Certainly a blah year at the domestic box office hasn't helped.
But TW's recent statement that New Line's "Little Nicky" was among the leading causes of its fourth-quarter earnings shortfall has raised all the hoary fears that the movie business is, gadzooks, unpredictable.
Now this column has frequently faulted Wall Street for its persistent belief that making movies is a terrible business. (Owning them it regards as a completely different matter.)
Well, once again I am going to take on the difficult task of making the contrary case.
My burden has been compounded by a severe outbreak of crepe-hanging by studio bosses, among the very few whose career choice, not to mention naked self-interest, should incline them to accentuate the positive.
But then there's nothing like the looming prospect of sitting down at the bargaining table with rapacious actors and those perennially put-upon screenwriters to make the front-office types see the cloud in front of every silver lining.
The CEO of MGM, for example, has gone so far as to publicly proclaim the immediate tonic effect a cessation of film production would have on the company's P&L's.
Alex Yemenidjian assured a group of investment bankers that the Lion could actually "go into profit without producing a picture."
Consider for a moment the reaction if the CEOs of, say, IBM or General Motors were to announce that their profits would rise if only they didn't have to produce their primary product.
Yet this statement regarding movies is seen as unsurprising and is, in its most literal sense, correct.
But that fact obscures the underlying fundamentals of the major vertically integrated motion picture companies.
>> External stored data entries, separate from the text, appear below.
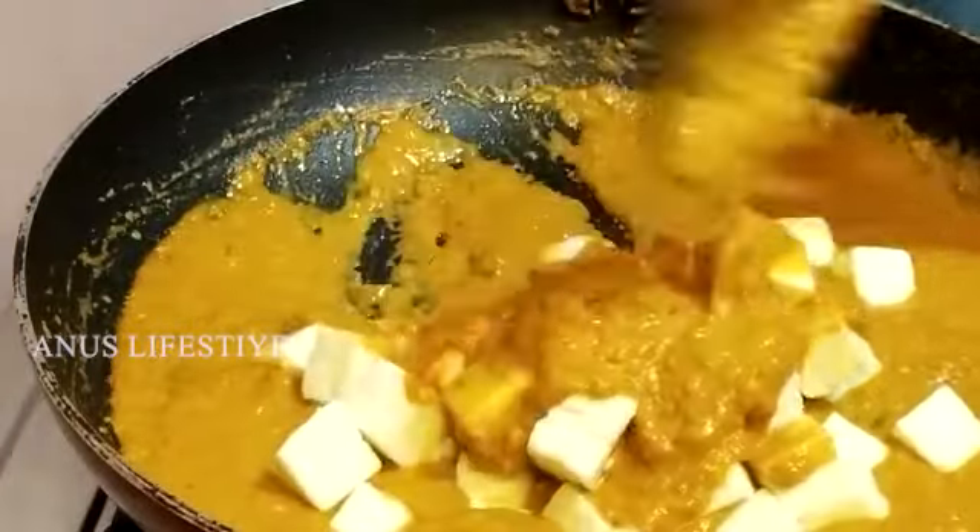I am going to add paneer, butter, masala, and beetroot.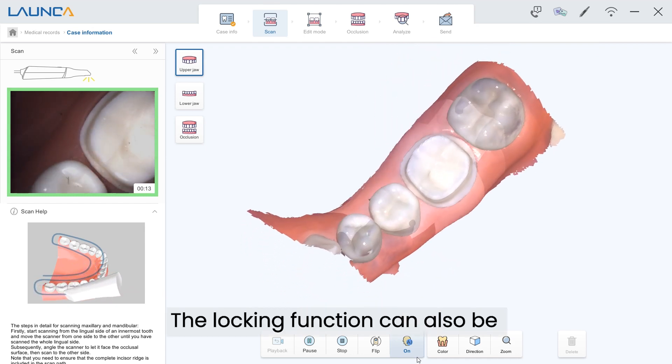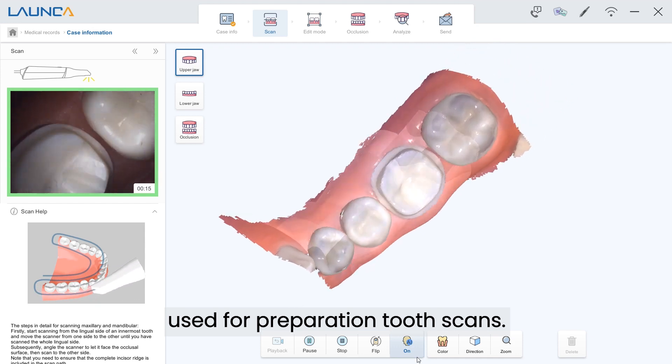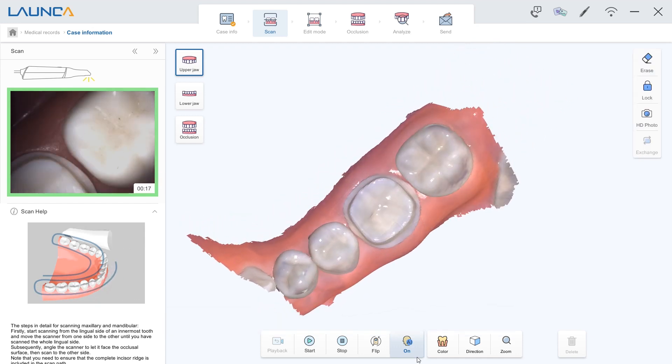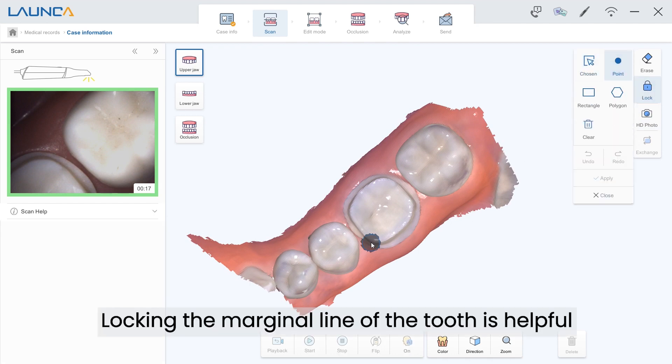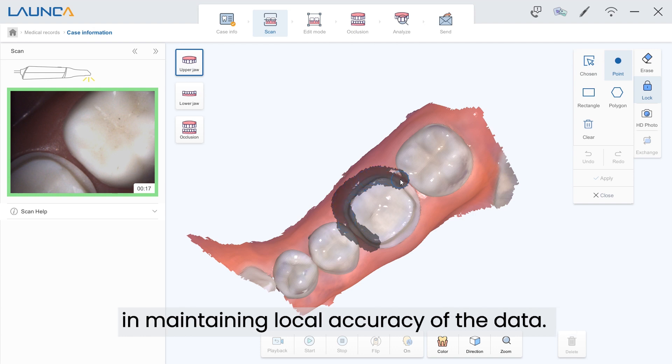The locking function can also be used for preparation tooth scans. Locking the marginal line of the tooth is helpful in maintaining local accuracy of the data.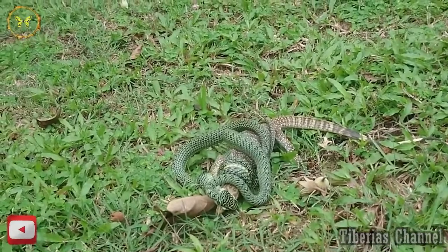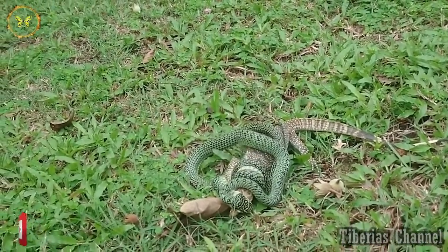Oh my god, that poor lizard. I mean, it's all nature works, but jeez. Yeah.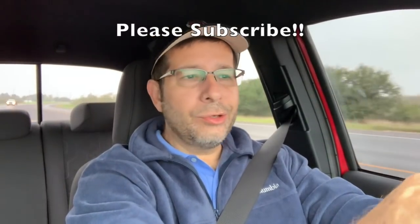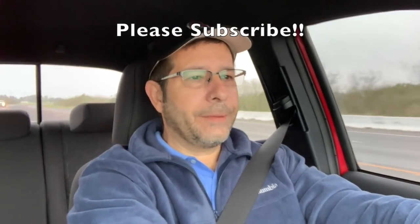Good morning everybody — welcome to the channel. I'm out taking a cruise around in the Tacoma this morning and felt compelled to do a video because of the setup on the truck. For those of you who don't know, I have a 3.2 ReadyLift on here.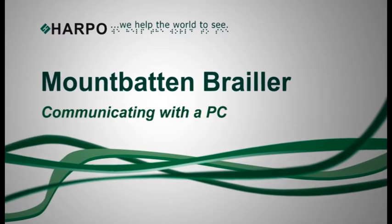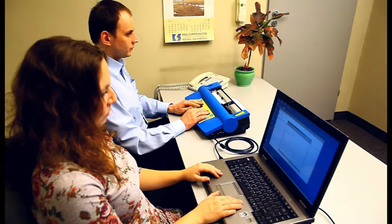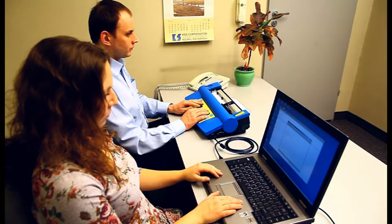Mountbatten Brailler — Communicating with a PC. MBCom is a simple piece of software used to interface with your Mountbatten. It is easy to install and easy to use. MBCom is menu-driven and is fully compatible with all popular screen readers.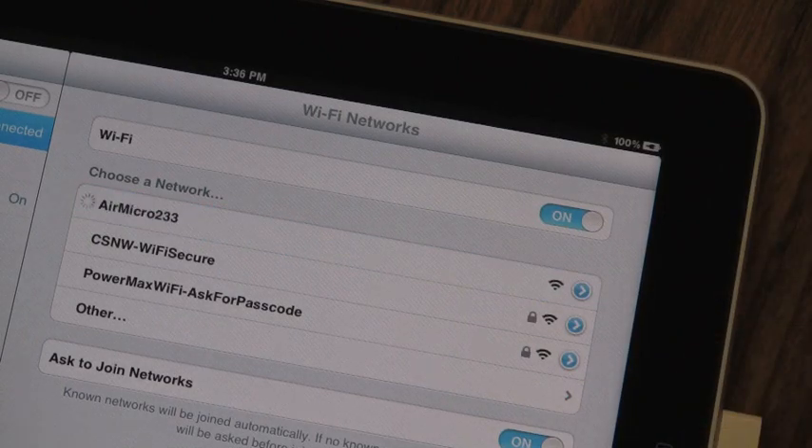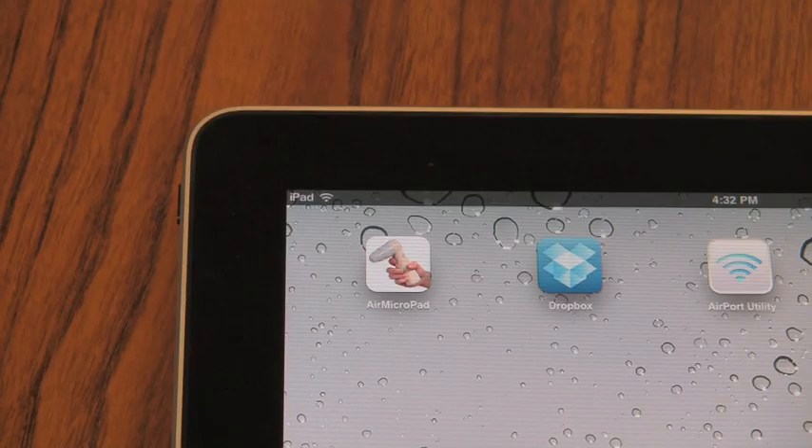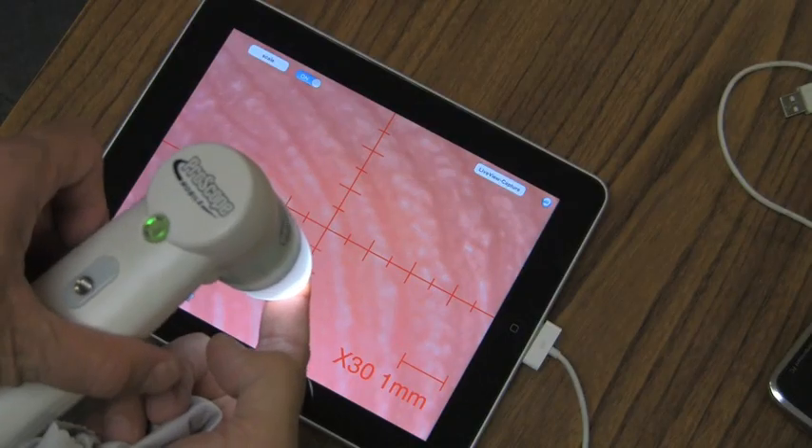So now that you have the network set up on your iPad, go back to the Wi-Fi and select the AirMicro network. Go to your AirMicroPad app, and you're live.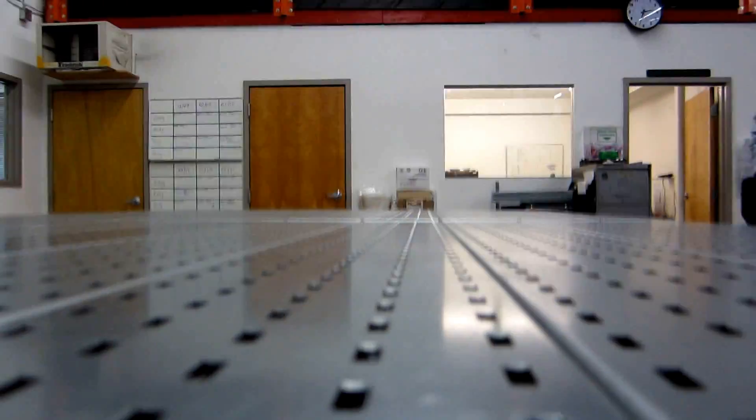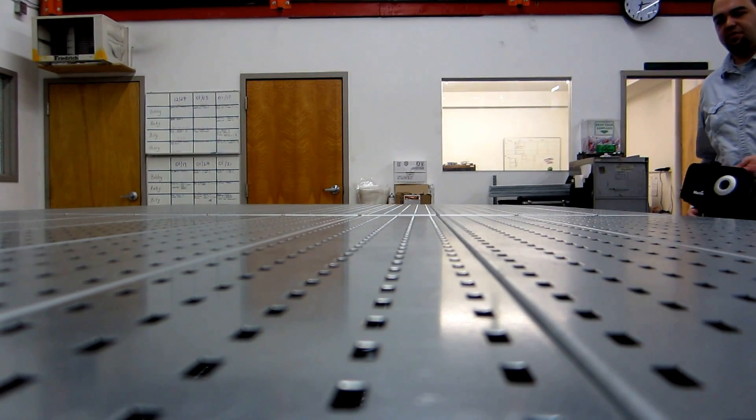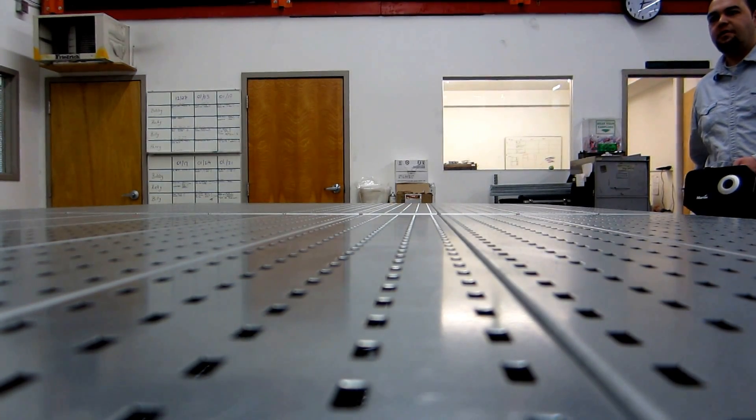And now we're going to demonstrate the downdraft table using this bar machine.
Shorn of accounting absurdities and short-term factors, I believe these fundamentals to be extraordinarily favorable.
Making and distributing a full slate of motion pictures has economic characteristics most industries can only dream of, however much recent financial results at most of the majors may have suggested otherwise.
The most basic financial fact about making movies is that it is an incremental revenue business.
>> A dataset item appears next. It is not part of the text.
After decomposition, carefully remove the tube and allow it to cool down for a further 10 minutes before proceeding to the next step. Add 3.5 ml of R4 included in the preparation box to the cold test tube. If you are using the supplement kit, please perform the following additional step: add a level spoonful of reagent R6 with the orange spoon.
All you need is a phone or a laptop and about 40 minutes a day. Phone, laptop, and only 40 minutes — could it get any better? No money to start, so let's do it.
Once the relatively fixed costs of production, distribution and marketing are recovered, nearly every additional dollar is profit.
Paramount, for example, has shown five straight years of solid profits of $400+ million from its various movie operations. (That Disney, for its last two fiscal years, could report total "studio entertainment" profits of only $264 million on revenues of $12 billion while ranking No. 1 in domestic and foreign film rentals both years is an accounting subtlety I will leave to a future column.)
As for underlying demand, it is only growing. The markets for movies are almost all expanding, and they are, thanks to the worldwide march of technology, growing in number.
American movies not only enjoy a 98% share of the domestic market, they constitute 80-95% of foreign markets, save for France and Hong Kong, where they must make do with shares closer to 60%.
In the area of new technology, other companies in other industries invest sums to develop hardware that make "The Grinch" or "Charlie's Angels" seem positively bargain basement. Those devices enhance the usefulness, attractiveness and profitability of vast libraries of feature films, most of whose costs have been recouped long ago.
Those libraries have value that is not always readily acknowledged. Time Warner's recent earnings warning might tellingly have cited the amazing success of "The Exorcist" in re-release -- some $35 million in pure profit from a 27-year-old movie.
And, while most American businesses have trouble attracting and keeping eager and capable workers in sufficient numbers, the film industry has its pick of young workers, usually willing to work for subsistence wages just to get a foothold in the business.
But perhaps the most common complaint about the movie business is its capital intensiveness. This admitted truth is the flip side of a wonderful advantage the established film companies possess: enormously high barriers to entry.
It has taken almost seven years for the combined brains and reputations of Spielberg, Katzenberg and Geffen plus $2.7 billion of OPM (Other People's Money) to make DreamWorks effectively the first new major in 50 years.
Conversely, decades of brutal mismanagement at MGM and the sale of the bulk of its library 17 years ago crippled but couldn't killed that company. Indeed, under Yemenidjian's tight fiscal management the company is finally showing distinct signs of life.
Would you like to know what's really wrong with the business? That secret was vouchsafed to me nearly 30 years ago, when I confessed to one of Wall Street's genuine seers, Oppenheimer founder Leon Levy, my plan to leave the financial trade for a job at Warner.
He urged me not to, saying that the movie business was a terrible business. "Why?" I asked.
"Because you have to be smart," he responded.